Source: “Mighty to Save,” by Reuben Morgan and Ben Fielding.

“Great is your faithfulness, O God.  You wrestle with the sinner’s restless heart.”

Source: “Your Grace Is Enough,” by Matt Maher.

The pastor’s sermon was about seeing God.  According to the pastor, God is in nature, but God sent Jesus to reveal God to us because many of us miss God in nature.  The pastor also said that God is as near to us as our next breath.  Moreover, she said that many of us are afraid to go deeper when it comes to God because we are afraid, but that going deeper into God results in transformation.

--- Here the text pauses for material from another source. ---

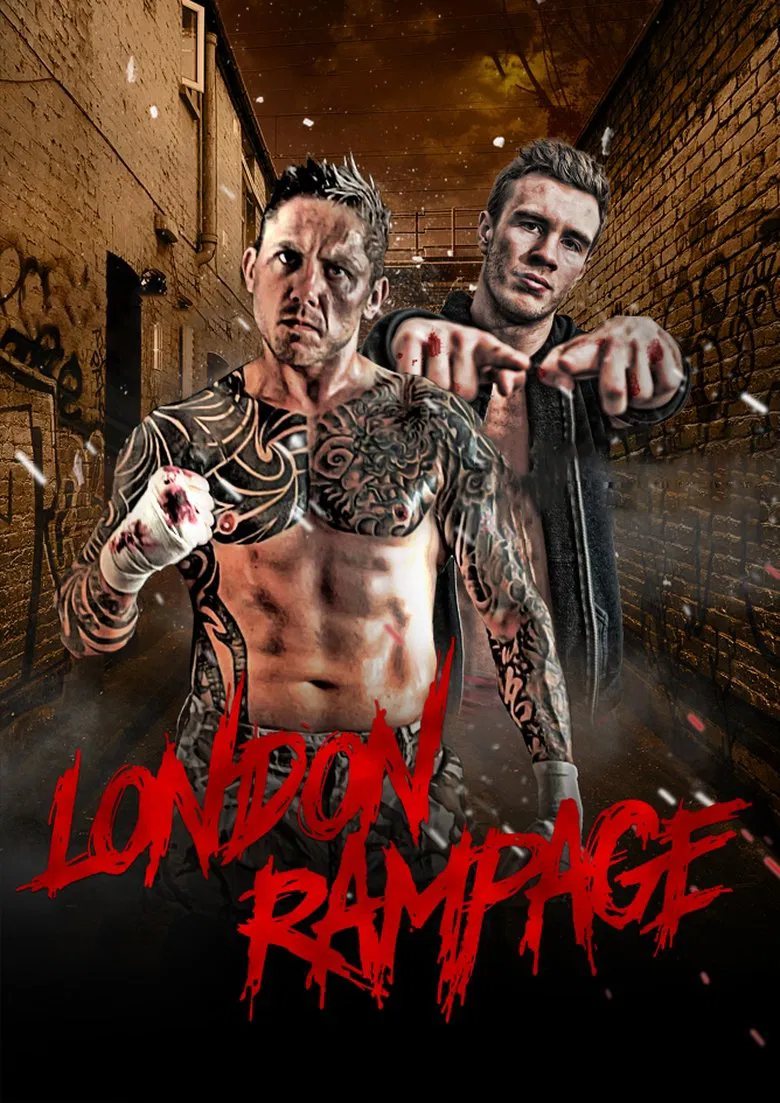 London Rampage poster background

I am not sure how to process a lot of this.  On the one hand, the pastor portrays God as close to us already.  On the other hand, she says that we need to see God, and that it is up to us whether we go more deeply into God.  I was contrasting the pastor’s message with the message that I so often hear in Christianity: that we somehow need to bring God’s presence to us, through faith, or being good.  Many evangelicals have pointed out that humanity is in a state of alienation from God—-that God condemns us for our sins, but that God will forgive us if we accept Jesus’ death in our place.  Is that reconcilable with thinking that God is as near to us as our next breath?  But even the pastor this morning seemed to be pointing to a conditional element: we are the ones who need to see God, and it is up to us whether we go deeper.

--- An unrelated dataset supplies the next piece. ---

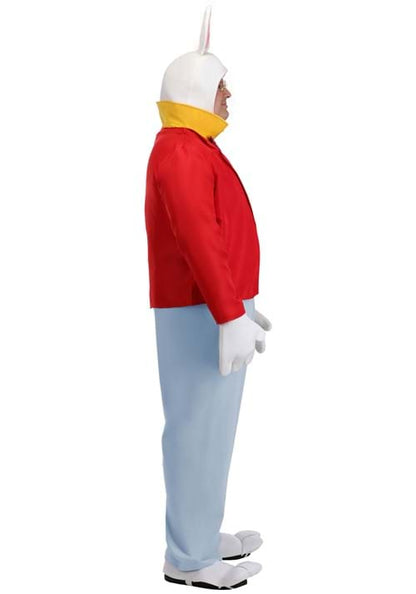 Plus Size Disney Classic White Rabbit Costume for Adults - US 9673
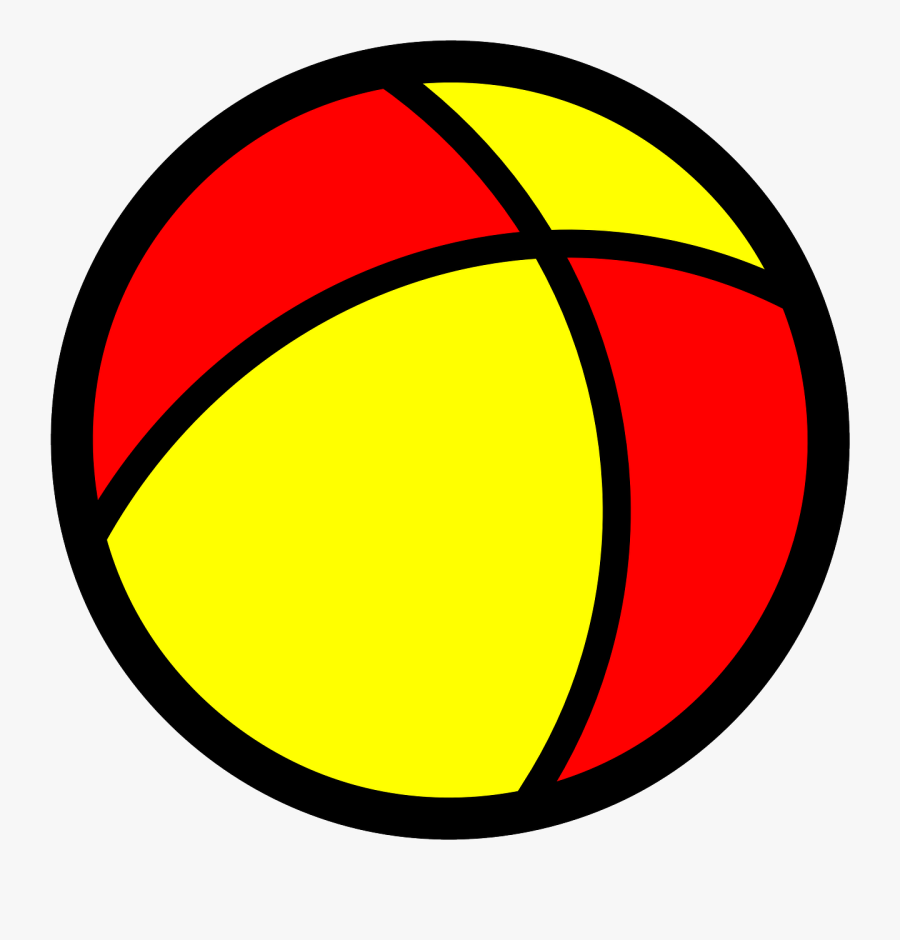 Beach Ball, Toy, Sport, Ball, Round - Round Ball Clipart, Transparent Clipart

Is God in my life?  In some seasons, it is really tough to tell, especially when things are just not clicking, and it is difficult to identify anything tangible that can be attributed to God.

The first song ministered to me because it said that we all need compassion and forgiveness.  True.  Can that be reconciled with all of the conditions that the Bible places on being forgiven—-repent, believe, forgive others, confess?  Well, that depends.  If repentance means that I have to completely stop sinning before God forgives me, if forgiving others means that I have to put a grudge out of my system before God forgives me, if believing means that I have to accept a bunch of doctrines without a shadow of a doubt before God forgives me, and if confession means that I have to present God with an exhaustive list of my sins and God won’t forgive me if I leave one out, then I am simply unforgiven.  I don’t know what to say.  These models do not present God’s forgiveness as a free gift, or even as something overly attainable, for they require work that is either difficult for me, or impossible.  But if repentance means at least wanting to be oriented in the right direction, if forgiving others means being willing to show compassion to others and to acknowledge that we all have flaws and need mercy, if belief means turning to God for mercy (which is more relational than intellectually assenting to doctrines), and if confession is being willing to talk with God about my flaws so that God can shed God’s light on them, then God’s forgiveness looks more within my reach.  I do not have to arrive at a state of perfection to receive God’s forgiveness; I do, however, need to humble myself before God, which I do when I acknowledge my flaws, turn to God for mercy, and rely on God’s love.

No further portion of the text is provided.